People are snapping up new desktop and laptop PCs long before the launch of Windows 7, a sign of strong demand in the market, analysts say.
Demand for PCs improved in July and August, which is "something special, because the expectation was that many people would delay purchases until after Windows 7 came out in October", said Manish Nigam, head of technology research in Asia for Credit Suisse, at a technology conference in Taipei.
Consumers often wait until after the launch of a major new operating system to buy a new PC for fear of having to pay for the upgrade and to avoid the hassle of loading the new software themselves. This time, strong marketing for free or discounted Windows 7 upgrades for new PC buyers ahead of the official launch of the OS on October 22 appears to have worked.
There were also fears the global recession might continue to affect PC demand.
PC shipment growth declined for six straight months, from the beginning of the fourth quarter of last year through the end of the first quarter of this year, iSuppli said in a report, as the global financial crisis slammed world markets. Sequential growth returned in the second quarter and will continue for the rest of this year as the global economy continues to recover and Windows 7 launches, the market researcher said.

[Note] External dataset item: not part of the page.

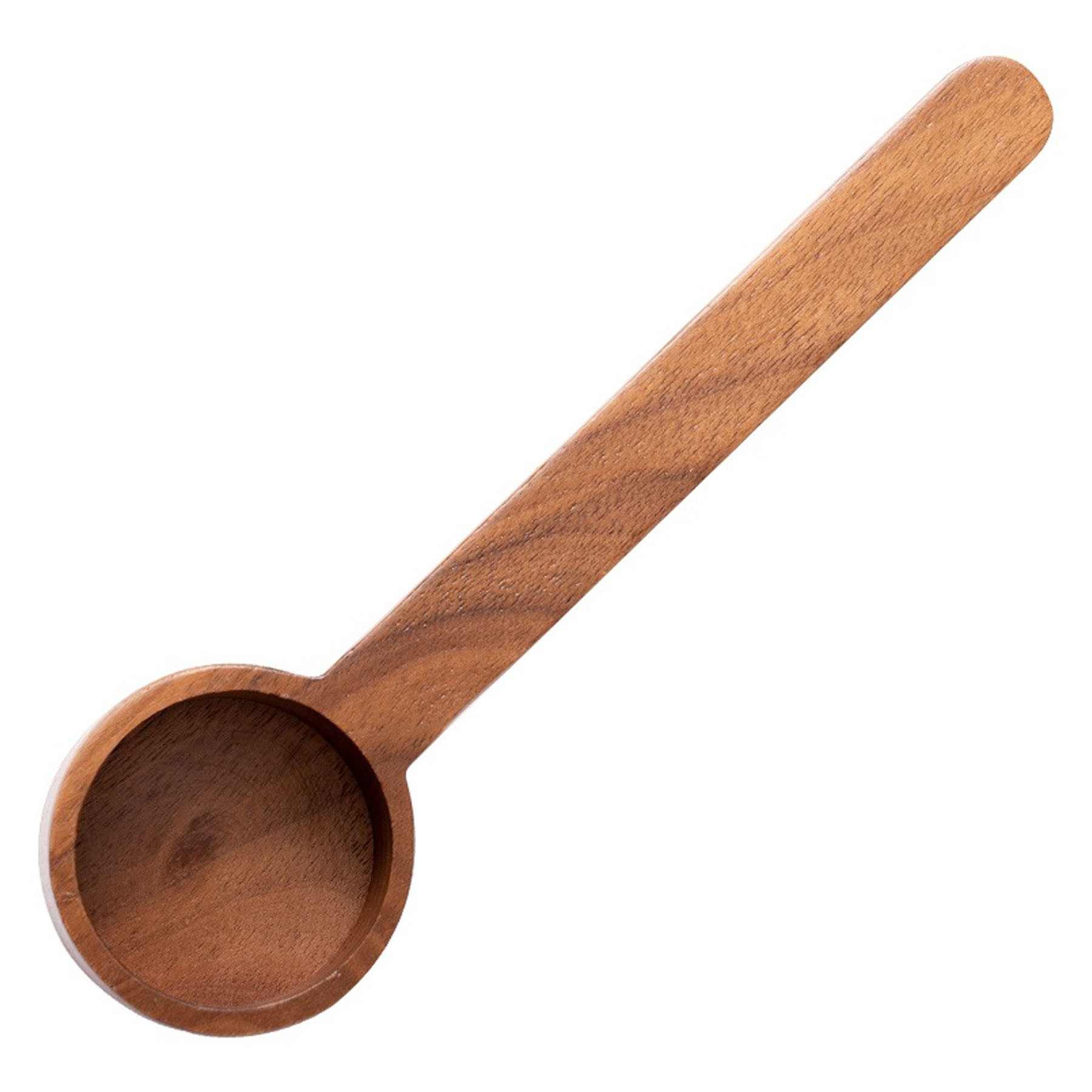 Wooden Coffee Measuring Spoon 2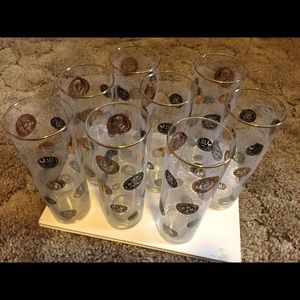 Coin glasses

The advertising blitz for Windows 7 "will be a major positive for the PC industry", iSuppli said.
Hype for the new OS, which won solid reviews from many people who tested it, and lower prices for PCs are already drawing buyers.
PC shipments in August beat expectations at investment bank Merrill Lynch by 3 percent, as laptop PC demand picked up in Europe and sales remained brisk in China, the bank said in a report on Tuesday.
The investment bank remains positive about the PC sector due to strong sales by Taiwanese manufacturers and healthy inventory levels. Taiwanese companies build a large number of the world's PC components and own most of the PC assembly factories in China.
Business has been so strong in recent months that shortages of a number of components have become troublesome, including LCD screens, laptop batteries and chips such as DDR3 DRAM.
Indeed, Converge, a chip and component distributor, says shortages have also emerged for a number of key microprocessors. The rising demand suggests the peak season for PC manufacturing has arrived and it appears healthy, Converge said in its monthly newsletter. The company warned that the shortages will increase prices.
Increased costs for PC vendors may not translate into higher prices for consumers, however. The global economy remains weak, and companies continue to offer deals to entice people to buy new desktops and laptops.
The value of global PC shipments dropped 19.1 percent in the second quarter, market researcher IDC said last week, although the number of PCs shipped declined just 2.4 percent. The researcher attributed the fall to people favoring low-cost devices such as netbooks.
The big question mark for the PC industry is when corporations, which account for nearly 60 percent of PC shipments, will start replacing ageing fleets of computers.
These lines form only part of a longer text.